Archived from groups: rec.games.frp.dnd,alt.games.adnd (More info?)

The light pilum is a javelin designed to bend in order to defeat an
opponent's shield. A successful sunder (Sunder, PHB) by a light pilum renders
the target shield useless regardless of how many hit points damage it Once the
shield has been pierced, the pilum shaft bends, making safe extraction
impossible during combat. Such an encumbered shield is effectively useless
for defense.
Cost: 2 gp
Dmg (S): 1d4
Dmg (M): 1d6
Critical: x2
Range Increment: 30 ft.
Weight: 2 lb.
Type: Piercing

A heavy pilum is a polearm with a handguard, and possesses a thicker
shaft than a light pilum. It is designed to break on impact, preventing it
from being used against the original attacker. A heavy pilum has reach, so
it can strike opponents 10 ft. away, but it cannot be used against an adjacent
foe. If a ready action is used to set a heavy pilum against a charge, it deals
double damage on a successful hit against a charging character.
A heavy pilum can be thrown short distances, but since it is not designed
for ranged attacks it receives a -4 penalty on attack rolls when used as such.
Cost: 4 gp
Dmg (S): 1d6
Dmg (M): 1d8
Critical: x3
Range Increment: 5 ft.
Weight: 9 lb.
Type: Piercing

A mantlet is a detached fortification, a wooden 7 ft. by 8 ft. wall
constructed on a wheeled platform that can be rolled forward to protect troops
from attack by archers on the castle walls. They are often employed to protect
siege engineers while they work. Archers can shoot from a mantlet through
arrow slits and maintain cover.
Cost: 25 gp
Shield Bonus: 100% cover (pushing a mantlet provides 50% cover)
Weight: 200 lb.
Anonymous
October 21, 2004 12:49:21 PM

Archived from groups: rec.games.frp.dnd,alt.games.adnd (More info?)

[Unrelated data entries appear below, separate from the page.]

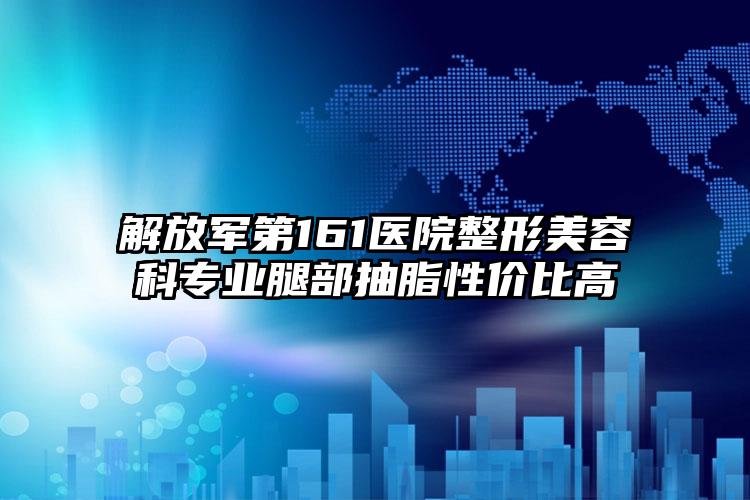 解放军第161医院整形美容科专业腿部抽脂性价比高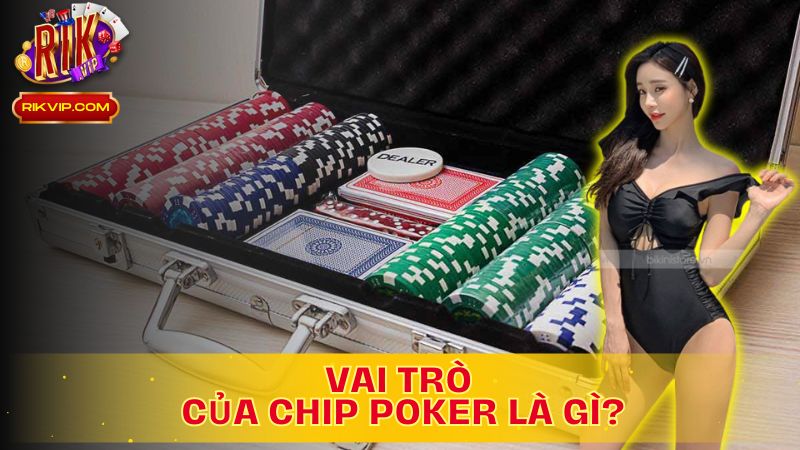 Khám Phá Vai Trò Của Chip Poker Là Gì Trên Rikvip!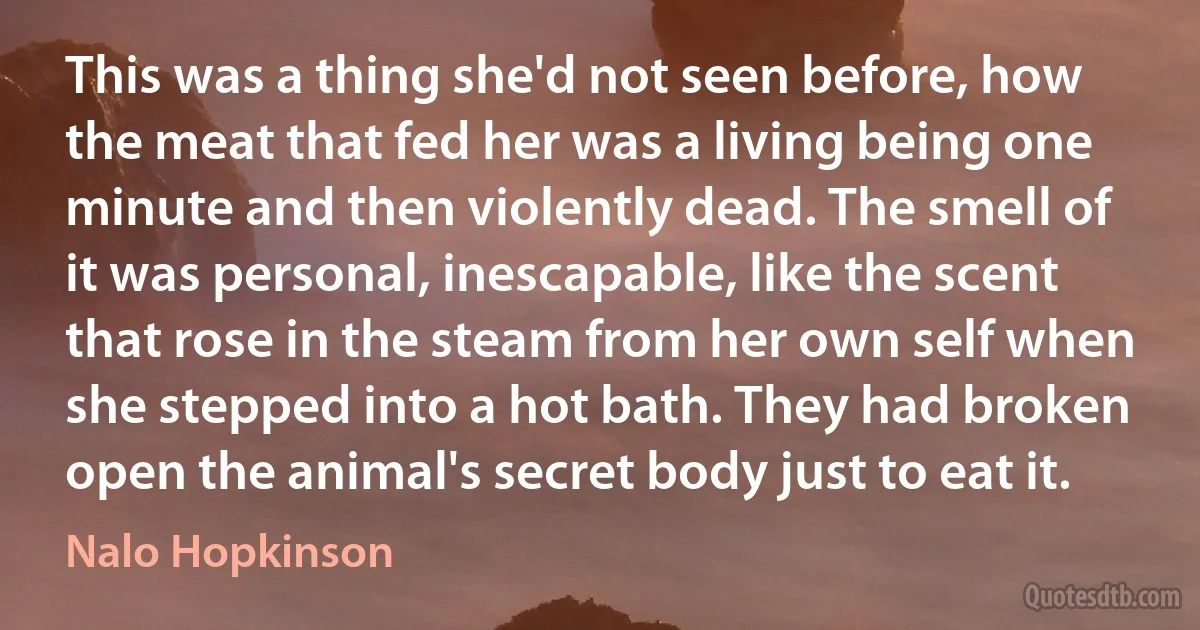 This was a thing she'd not seen before, how the meat that fed her was a living being one minute and then violently dead. The smell of it was personal, inescapable, like the scent that rose in the steam from her own self when she stepped into a hot bath. They had broken open the animal's secret body just to eat it. (Nalo Hopkinson)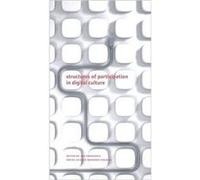 Structures of Participation in Digital Culture by Joe Karaganis Joe Karaganis (Auteur)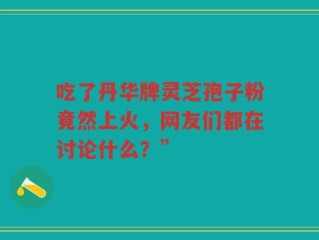 吃了丹华牌灵芝孢子粉竟然上火，网友们都在讨论什么？”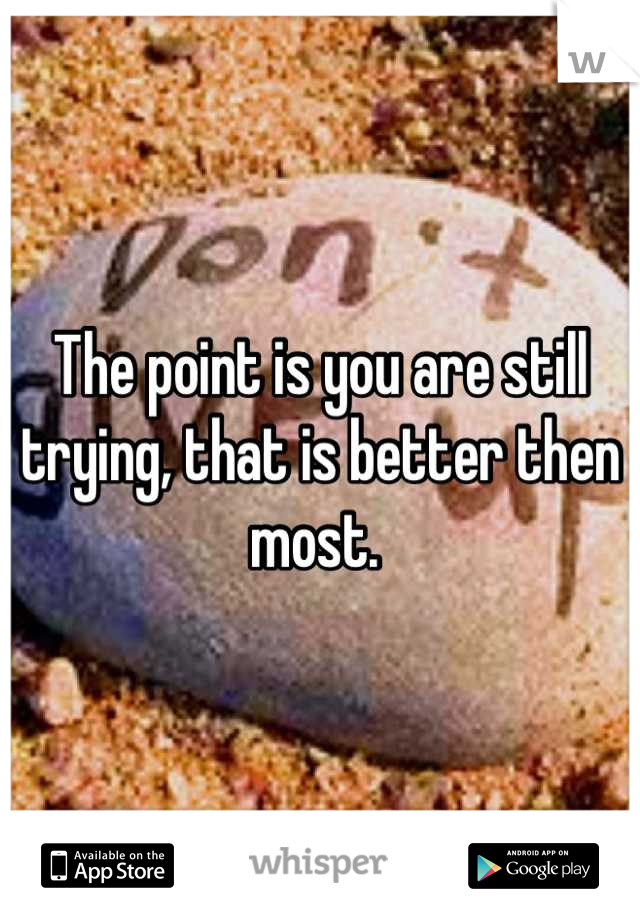 The point is you are still trying, that is better then most. 
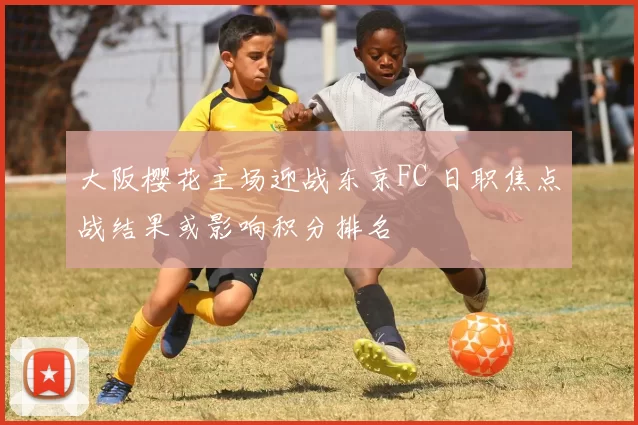 大阪樱花主场迎战东京FC 日职焦点战结果或影响积分排名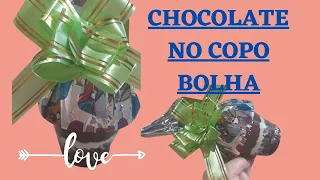 CHOCOLATE NO COPO BOLHA OU OVO NO POTE / DIA DAS MÃES/ PÁSCOA//LEMBRANÇAS PARA QUALQUER OCASIÃO.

"Joshua Mayfield" <Alexandria.Patrick@go.com> wrote in message
news:11674130160.48699.Alexandria.Patrick@go.com...
> The light pilum is a javelin designed to bend in order to defeat an
> opponent's shield. A successful sunder (Sunder, PHB) by a light pilum
> renders
> the target shield useless regardless of how many hit points damage it Once
> the
> shield has been pierced, the pilum shaft bends, making safe extraction
> impossible during combat. Such an encumbered shield is effectively useless
> for defense.
snip

Hi,
Why would a light pilum require a sunder to work? It is specificly
designed to bend, as you correctly stated, upon a successful attack. If
anything it is actually easier to hit a shield than the person holding it
since the main function is to block/deflect incoming attacks. So I can see
no reason to make it more difficult than a standard attack roll. The only
situation I could see requiring a sunder is if the defender was specificly
familiar with pilums and how they screwed his shield. After all, he would
have to move his shield and his body. Then the defender has a tough choice;
save his shield, save his chest, or try and get the hell outta the way.
Maybe you could angle your shield to deflect more so the pilum's bite would
be insufficient, dunno really. Never recieved a real one and hope to hell
not to. Not nit-picking here, just curious as to your reasons.

Thomas
October 21, 2004 5:18:42 PM

Archived from groups: rec.games.frp.dnd,alt.games.adnd (More info?)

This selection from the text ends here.